What is saving the situation is, as usual, the private sector, with the Public-Private Partnership (PPP) Center finally moving with some alacrity. It was hampered by the need to clean up questionable projects initiated under the previous administration, and to redesign or develop projects by a bureaucracy that just takes a long time to do anything.
But it’s moving now, and two projects are almost complete. Seven other PPP projects are either under construction or in the preconstruction stage. These include four that will help business, one that will help employees, and two for the betterment of society. There are 40 others in the pipeline.
The private sector also comes to the rescue through two modern sources: overseas Filipino workers and business process outsourcing. OFWs have grown from around three million in the early 1990s to an estimated 11 million today. They remitted $27 billion last year and total remittances have been growing 7 percent per annum over the past five years. BPO started in earnest a scant 12 years ago with call centers. It now employs an estimated one million young, well-paid Filipinos—from zero. Around 70 percent in call centers, but other segments (back-office processing, transcription, animation, engineering and digital content/game development) are rapidly making inroads. Total revenues last year were $18 billion—a figure not to be sniffed at.
They are a pressure valve for a system that can otherwise be in danger of collapse as the other revenue-generating activities grow too slowly. For instance, foreign direct investment (FDI), which appears to be doing really well based on a superficial glance at the numbers, is not when you dig a little. For one, it’s the lowest among the major Asian neighbors. For another, the $6.2 billion that did come in was not new investors keen to add Filipinos to their workforce. Over half (54 percent) of the $6.2 billion was intercompany borrowings, local MNCs borrowing from dad to rehabilitate, upgrade or expand.
Only 33 percent ($2 billion) was new equity investment, and only 10 percent of that, or $209 million, was in new manufacturing activities. A whopping 65 percent of that 33 percent was in finance and insurance services—supports to business, not business itself.

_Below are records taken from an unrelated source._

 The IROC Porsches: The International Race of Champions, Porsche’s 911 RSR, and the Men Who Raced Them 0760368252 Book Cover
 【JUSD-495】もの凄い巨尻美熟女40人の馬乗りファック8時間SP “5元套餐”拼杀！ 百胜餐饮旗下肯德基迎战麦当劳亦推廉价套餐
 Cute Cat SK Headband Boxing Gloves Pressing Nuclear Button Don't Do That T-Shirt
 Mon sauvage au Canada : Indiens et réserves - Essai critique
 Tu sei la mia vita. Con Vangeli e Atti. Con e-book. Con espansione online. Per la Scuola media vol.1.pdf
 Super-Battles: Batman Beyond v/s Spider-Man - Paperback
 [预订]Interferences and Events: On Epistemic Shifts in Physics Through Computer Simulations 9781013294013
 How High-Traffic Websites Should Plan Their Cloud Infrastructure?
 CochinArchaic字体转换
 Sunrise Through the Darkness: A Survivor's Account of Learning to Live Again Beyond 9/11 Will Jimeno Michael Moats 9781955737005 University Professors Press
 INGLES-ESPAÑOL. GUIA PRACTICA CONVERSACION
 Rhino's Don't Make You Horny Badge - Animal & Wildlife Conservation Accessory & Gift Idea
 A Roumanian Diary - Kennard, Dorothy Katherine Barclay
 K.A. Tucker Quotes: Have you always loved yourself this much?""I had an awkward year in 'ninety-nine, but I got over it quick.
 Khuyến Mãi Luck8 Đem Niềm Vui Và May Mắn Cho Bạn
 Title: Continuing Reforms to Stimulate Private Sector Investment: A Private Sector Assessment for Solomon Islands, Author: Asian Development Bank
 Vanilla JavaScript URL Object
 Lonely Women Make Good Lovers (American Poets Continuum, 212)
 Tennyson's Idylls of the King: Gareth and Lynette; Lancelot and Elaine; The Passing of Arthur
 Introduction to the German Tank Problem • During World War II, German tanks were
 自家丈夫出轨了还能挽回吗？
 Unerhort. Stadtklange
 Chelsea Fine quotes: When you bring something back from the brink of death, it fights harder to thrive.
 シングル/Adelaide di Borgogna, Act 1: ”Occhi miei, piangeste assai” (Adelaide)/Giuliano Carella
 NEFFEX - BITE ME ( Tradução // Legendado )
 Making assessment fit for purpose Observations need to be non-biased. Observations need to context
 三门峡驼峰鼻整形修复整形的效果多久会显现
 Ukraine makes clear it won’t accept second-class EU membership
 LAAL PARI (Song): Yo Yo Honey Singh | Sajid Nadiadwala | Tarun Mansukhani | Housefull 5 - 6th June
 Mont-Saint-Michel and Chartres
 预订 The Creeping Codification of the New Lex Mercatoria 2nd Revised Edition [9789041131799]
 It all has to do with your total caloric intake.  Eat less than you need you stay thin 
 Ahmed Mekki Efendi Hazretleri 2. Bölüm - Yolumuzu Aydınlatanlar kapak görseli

So net FDI was essentially for sustaining existing operations. The Philippines has still not aroused the world’s interest. The problem is it says it wants foreign investment, but does everything to discourage it with a system that is just too complex and convoluted.
Where the Philippines really stands out is in its financial stability. Many European countries would give their eyeteeth for the Philippine numbers. Just consider:
Gross international reserves at $80.8 billion, which can cover 10.6 months’ worth of imports of goods and payments of services. It’s also equivalent to 4.8 times the country’s short-term external debt based on original maturity. No risk of a default there. The world’s rating agencies have given the Philippines investment-grade ratings.
As for currency, the peso is stable, more influenced by American vagaries than anything the Philippines has done, or hasn’t. It hovered between P43.46 and P44.95 to the dollar last year. It is expected to stabilize at around P44:$1 this year and between P44 and P46 to the dollar in 2016.
Interest rates are also among the lowest the country has ever seen. An ordinary consumer can borrow for a house at 5.25 percent per annum from 8.7 percent four years ago.
Inflation reached 4.1 percent last year. This year it’s expected to fall into the 2.5-3.5-percent range.
It goes on, but you get the picture. This is a country in sound financial shape.
As I read the news around the world, I see one calamity after another. Russia and Greece are in danger of economic collapse. Syria and Iraq are under ruthless, people-killing rule. And many countries in the Middle East are with severe repression of free speech and the freedom to be.
We get so tied up in the trials and tribulations of this country that we tend to forget it’s far worse in far too many other places. But that doesn’t mean, as I can assure President Aquino, that all is going well here either. There is ever so much to do that he hasn’t done, but for now the country is stable, and apparently so into the future.
The Philippines is floating calmly on a stormy sea.